== RECORDS SUPPLIED ==
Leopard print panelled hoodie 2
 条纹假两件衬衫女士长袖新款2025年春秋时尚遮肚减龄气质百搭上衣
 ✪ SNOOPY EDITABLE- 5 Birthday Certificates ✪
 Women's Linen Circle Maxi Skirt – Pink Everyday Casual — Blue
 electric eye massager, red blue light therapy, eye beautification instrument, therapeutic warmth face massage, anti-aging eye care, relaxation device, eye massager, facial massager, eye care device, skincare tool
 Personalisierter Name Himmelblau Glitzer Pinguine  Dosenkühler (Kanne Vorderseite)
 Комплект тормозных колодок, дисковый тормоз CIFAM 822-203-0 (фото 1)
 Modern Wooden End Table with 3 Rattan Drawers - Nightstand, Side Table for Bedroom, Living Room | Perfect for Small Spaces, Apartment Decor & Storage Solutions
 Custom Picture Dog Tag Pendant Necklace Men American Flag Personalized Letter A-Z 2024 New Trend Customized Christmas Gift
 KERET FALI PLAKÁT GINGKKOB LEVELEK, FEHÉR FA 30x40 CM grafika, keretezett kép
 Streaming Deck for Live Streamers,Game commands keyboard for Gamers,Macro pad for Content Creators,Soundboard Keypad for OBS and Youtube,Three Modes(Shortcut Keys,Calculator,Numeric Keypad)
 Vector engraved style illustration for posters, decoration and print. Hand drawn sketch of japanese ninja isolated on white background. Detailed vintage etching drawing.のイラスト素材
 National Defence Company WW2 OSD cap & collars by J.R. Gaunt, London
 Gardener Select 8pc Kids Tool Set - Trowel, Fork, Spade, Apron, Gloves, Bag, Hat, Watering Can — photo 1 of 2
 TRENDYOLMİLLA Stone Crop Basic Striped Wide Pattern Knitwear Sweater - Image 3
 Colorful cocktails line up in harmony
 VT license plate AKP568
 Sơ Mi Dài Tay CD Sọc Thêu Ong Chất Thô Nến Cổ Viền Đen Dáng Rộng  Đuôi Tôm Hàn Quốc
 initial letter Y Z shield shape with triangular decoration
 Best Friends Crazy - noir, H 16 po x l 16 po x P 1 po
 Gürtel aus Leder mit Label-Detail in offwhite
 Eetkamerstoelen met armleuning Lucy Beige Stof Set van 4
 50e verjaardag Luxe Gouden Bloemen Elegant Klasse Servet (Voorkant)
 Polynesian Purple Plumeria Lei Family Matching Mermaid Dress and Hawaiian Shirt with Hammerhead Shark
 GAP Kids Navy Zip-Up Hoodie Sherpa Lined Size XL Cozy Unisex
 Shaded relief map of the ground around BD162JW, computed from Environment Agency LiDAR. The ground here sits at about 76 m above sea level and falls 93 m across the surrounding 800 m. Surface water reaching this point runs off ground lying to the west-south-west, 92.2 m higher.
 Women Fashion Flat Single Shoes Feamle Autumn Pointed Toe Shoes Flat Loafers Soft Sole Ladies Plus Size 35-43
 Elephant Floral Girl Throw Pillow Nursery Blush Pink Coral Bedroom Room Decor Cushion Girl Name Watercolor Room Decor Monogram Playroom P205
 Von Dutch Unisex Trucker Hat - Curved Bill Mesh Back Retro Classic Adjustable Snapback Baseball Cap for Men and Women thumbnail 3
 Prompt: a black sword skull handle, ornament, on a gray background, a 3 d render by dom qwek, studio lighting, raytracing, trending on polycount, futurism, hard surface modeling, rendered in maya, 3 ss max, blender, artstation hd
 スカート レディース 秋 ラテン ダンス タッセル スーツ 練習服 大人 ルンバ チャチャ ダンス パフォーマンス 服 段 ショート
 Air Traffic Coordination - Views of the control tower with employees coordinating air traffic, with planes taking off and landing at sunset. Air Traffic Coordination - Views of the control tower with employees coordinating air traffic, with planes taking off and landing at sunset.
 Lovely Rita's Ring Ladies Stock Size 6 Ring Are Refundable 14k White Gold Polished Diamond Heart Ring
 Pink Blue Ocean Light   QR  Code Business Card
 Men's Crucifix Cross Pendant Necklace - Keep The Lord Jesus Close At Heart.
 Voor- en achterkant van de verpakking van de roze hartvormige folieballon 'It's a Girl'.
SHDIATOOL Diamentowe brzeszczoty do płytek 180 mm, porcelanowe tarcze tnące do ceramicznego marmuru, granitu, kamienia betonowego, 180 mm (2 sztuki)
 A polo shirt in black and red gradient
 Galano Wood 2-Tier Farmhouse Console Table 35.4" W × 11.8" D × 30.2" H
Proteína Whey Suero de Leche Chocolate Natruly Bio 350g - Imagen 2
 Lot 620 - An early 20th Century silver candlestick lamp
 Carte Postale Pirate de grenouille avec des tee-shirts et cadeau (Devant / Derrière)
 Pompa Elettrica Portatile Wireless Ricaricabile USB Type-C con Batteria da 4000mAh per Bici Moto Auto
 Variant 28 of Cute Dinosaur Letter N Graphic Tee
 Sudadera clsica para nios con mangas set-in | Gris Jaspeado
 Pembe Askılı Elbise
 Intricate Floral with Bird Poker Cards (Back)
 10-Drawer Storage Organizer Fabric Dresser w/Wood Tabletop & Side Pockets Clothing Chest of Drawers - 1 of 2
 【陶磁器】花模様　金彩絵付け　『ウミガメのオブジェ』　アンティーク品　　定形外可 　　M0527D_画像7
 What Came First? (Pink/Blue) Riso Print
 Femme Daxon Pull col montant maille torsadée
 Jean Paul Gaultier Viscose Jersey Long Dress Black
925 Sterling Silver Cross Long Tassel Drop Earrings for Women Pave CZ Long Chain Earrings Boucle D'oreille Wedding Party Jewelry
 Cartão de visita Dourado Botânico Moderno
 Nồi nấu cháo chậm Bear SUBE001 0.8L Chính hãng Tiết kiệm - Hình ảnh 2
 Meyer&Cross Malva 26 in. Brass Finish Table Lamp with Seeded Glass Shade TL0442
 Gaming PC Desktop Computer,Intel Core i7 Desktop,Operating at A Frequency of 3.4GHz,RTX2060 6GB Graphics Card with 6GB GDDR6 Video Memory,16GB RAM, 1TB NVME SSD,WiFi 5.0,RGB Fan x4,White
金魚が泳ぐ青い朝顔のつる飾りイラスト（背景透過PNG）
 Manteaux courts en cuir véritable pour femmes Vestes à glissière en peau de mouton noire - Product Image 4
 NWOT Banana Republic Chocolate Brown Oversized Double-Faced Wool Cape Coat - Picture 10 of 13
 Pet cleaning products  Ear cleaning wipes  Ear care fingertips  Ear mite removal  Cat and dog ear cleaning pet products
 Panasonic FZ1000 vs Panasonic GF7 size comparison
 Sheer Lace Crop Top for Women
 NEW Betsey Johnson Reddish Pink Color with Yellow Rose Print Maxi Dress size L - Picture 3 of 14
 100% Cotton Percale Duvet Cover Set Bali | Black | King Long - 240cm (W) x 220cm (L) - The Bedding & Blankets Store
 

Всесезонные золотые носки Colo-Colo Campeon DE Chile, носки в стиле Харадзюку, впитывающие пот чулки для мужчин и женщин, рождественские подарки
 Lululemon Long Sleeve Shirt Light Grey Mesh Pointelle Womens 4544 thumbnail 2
===
DIRECTIONS FOR THIS TASK — Would you please write out all the entries exactly?

RESPONSE —
Leopard print panelled hoodie 2
 条纹假两件衬衫女士长袖新款2025年春秋时尚遮肚减龄气质百搭上衣
 ✪ SNOOPY EDITABLE- 5 Birthday Certificates ✪
 Women's Linen Circle Maxi Skirt – Pink Everyday Casual — Blue
 electric eye massager, red blue light therapy, eye beautification instrument, therapeutic warmth face massage, anti-aging eye care, relaxation device, eye massager, facial massager, eye care device, skincare tool
 Personalisierter Name Himmelblau Glitzer Pinguine  Dosenkühler (Kanne Vorderseite)
 Комплект тормозных колодок, дисковый тормоз CIFAM 822-203-0 (фото 1)
 Modern Wooden End Table with 3 Rattan Drawers - Nightstand, Side Table for Bedroom, Living Room | Perfect for Small Spaces, Apartment Decor & Storage Solutions
 Custom Picture Dog Tag Pendant Necklace Men American Flag Personalized Letter A-Z 2024 New Trend Customized Christmas Gift
 KERET FALI PLAKÁT GINGKKOB LEVELEK, FEHÉR FA 30x40 CM grafika, keretezett kép
 Streaming Deck for Live Streamers,Game commands keyboard for Gamers,Macro pad for Content Creators,Soundboard Keypad for OBS and Youtube,Three Modes(Shortcut Keys,Calculator,Numeric Keypad)
 Vector engraved style illustration for posters, decoration and print. Hand drawn sketch of japanese ninja isolated on white background. Detailed vintage etching drawing.のイラスト素材
 National Defence Company WW2 OSD cap & collars by J.R. Gaunt, London
 Gardener Select 8pc Kids Tool Set - Trowel, Fork, Spade, Apron, Gloves, Bag, Hat, Watering Can — photo 1 of 2
 TRENDYOLMİLLA Stone Crop Basic Striped Wide Pattern Knitwear Sweater - Image 3
 Colorful cocktails line up in harmony
 VT license plate AKP568
 Sơ Mi Dài Tay CD Sọc Thêu Ong Chất Thô Nến Cổ Viền Đen Dáng Rộng  Đuôi Tôm Hàn Quốc
 initial letter Y Z shield shape with triangular decoration
 Best Friends Crazy - noir, H 16 po x l 16 po x P 1 po
 Gürtel aus Leder mit Label-Detail in offwhite
 Eetkamerstoelen met armleuning Lucy Beige Stof Set van 4
 50e verjaardag Luxe Gouden Bloemen Elegant Klasse Servet (Voorkant)
 Polynesian Purple Plumeria Lei Family Matching Mermaid Dress and Hawaiian Shirt with Hammerhead Shark
 GAP Kids Navy Zip-Up Hoodie Sherpa Lined Size XL Cozy Unisex
 Shaded relief map of the ground around BD162JW, computed from Environment Agency LiDAR. The ground here sits at about 76 m above sea level and falls 93 m across the surrounding 800 m. Surface water reaching this point runs off ground lying to the west-south-west, 92.2 m higher.
 Women Fashion Flat Single Shoes Feamle Autumn Pointed Toe Shoes Flat Loafers Soft Sole Ladies Plus Size 35-43
 Elephant Floral Girl Throw Pillow Nursery Blush Pink Coral Bedroom Room Decor Cushion Girl Name Watercolor Room Decor Monogram Playroom P205
 Von Dutch Unisex Trucker Hat - Curved Bill Mesh Back Retro Classic Adjustable Snapback Baseball Cap for Men and Women thumbnail 3
 Prompt: a black sword skull handle, ornament, on a gray background, a 3 d render by dom qwek, studio lighting, raytracing, trending on polycount, futurism, hard surface modeling, rendered in maya, 3 ss max, blender, artstation hd
 スカート レディース 秋 ラテン ダンス タッセル スーツ 練習服 大人 ルンバ チャチャ ダンス パフォーマンス 服 段 ショート
 Air Traffic Coordination - Views of the control tower with employees coordinating air traffic, with planes taking off and landing at sunset. Air Traffic Coordination - Views of the control tower with employees coordinating air traffic, with planes taking off and landing at sunset.
 Lovely Rita's Ring Ladies Stock Size 6 Ring Are Refundable 14k White Gold Polished Diamond Heart Ring
 Pink Blue Ocean Light   QR  Code Business Card
 Men's Crucifix Cross Pendant Necklace - Keep The Lord Jesus Close At Heart.
 Voor- en achterkant van de verpakking van de roze hartvormige folieballon 'It's a Girl'.
SHDIATOOL Diamentowe brzeszczoty do płytek 180 mm, porcelanowe tarcze tnące do ceramicznego marmuru, granitu, kamienia betonowego, 180 mm (2 sztuki)
 A polo shirt in black and red gradient
 Galano Wood 2-Tier Farmhouse Console Table 35.4" W × 11.8" D × 30.2" H
Proteína Whey Suero de Leche Chocolate Natruly Bio 350g - Imagen 2
 Lot 620 - An early 20th Century silver candlestick lamp
 Carte Postale Pirate de grenouille avec des tee-shirts et cadeau (Devant / Derrière)
 Pompa Elettrica Portatile Wireless Ricaricabile USB Type-C con Batteria da 4000mAh per Bici Moto Auto
 Variant 28 of Cute Dinosaur Letter N Graphic Tee
 Sudadera clsica para nios con mangas set-in | Gris Jaspeado
 Pembe Askılı Elbise
 Intricate Floral with Bird Poker Cards (Back)
 10-Drawer Storage Organizer Fabric Dresser w/Wood Tabletop & Side Pockets Clothing Chest of Drawers - 1 of 2
 【陶磁器】花模様　金彩絵付け　『ウミガメのオブジェ』　アンティーク品　　定形外可 　　M0527D_画像7
 What Came First? (Pink/Blue) Riso Print
 Femme Daxon Pull col montant maille torsadée
 Jean Paul Gaultier Viscose Jersey Long Dress Black
925 Sterling Silver Cross Long Tassel Drop Earrings for Women Pave CZ Long Chain Earrings Boucle D'oreille Wedding Party Jewelry
 Cartão de visita Dourado Botânico Moderno
 Nồi nấu cháo chậm Bear SUBE001 0.8L Chính hãng Tiết kiệm - Hình ảnh 2
 Meyer&Cross Malva 26 in. Brass Finish Table Lamp with Seeded Glass Shade TL0442
 Gaming PC Desktop Computer,Intel Core i7 Desktop,Operating at A Frequency of 3.4GHz,RTX2060 6GB Graphics Card with 6GB GDDR6 Video Memory,16GB RAM, 1TB NVME SSD,WiFi 5.0,RGB Fan x4,White
金魚が泳ぐ青い朝顔のつる飾りイラスト（背景透過PNG）
 Manteaux courts en cuir véritable pour femmes Vestes à glissière en peau de mouton noire - Product Image 4
 NWOT Banana Republic Chocolate Brown Oversized Double-Faced Wool Cape Coat - Picture 10 of 13
 Pet cleaning products  Ear cleaning wipes  Ear care fingertips  Ear mite removal  Cat and dog ear cleaning pet products
 Panasonic FZ1000 vs Panasonic GF7 size comparison
 Sheer Lace Crop Top for Women
 NEW Betsey Johnson Reddish Pink Color with Yellow Rose Print Maxi Dress size L - Picture 3 of 14
 100% Cotton Percale Duvet Cover Set Bali | Black | King Long - 240cm (W) x 220cm (L) - The Bedding & Blankets Store
 

Всесезонные золотые носки Colo-Colo Campeon DE Chile, носки в стиле Харадзюку, впитывающие пот чулки для мужчин и женщин, рождественские подарки
 Lululemon Long Sleeve Shirt Light Grey Mesh Pointelle Womens 4544 thumbnail 2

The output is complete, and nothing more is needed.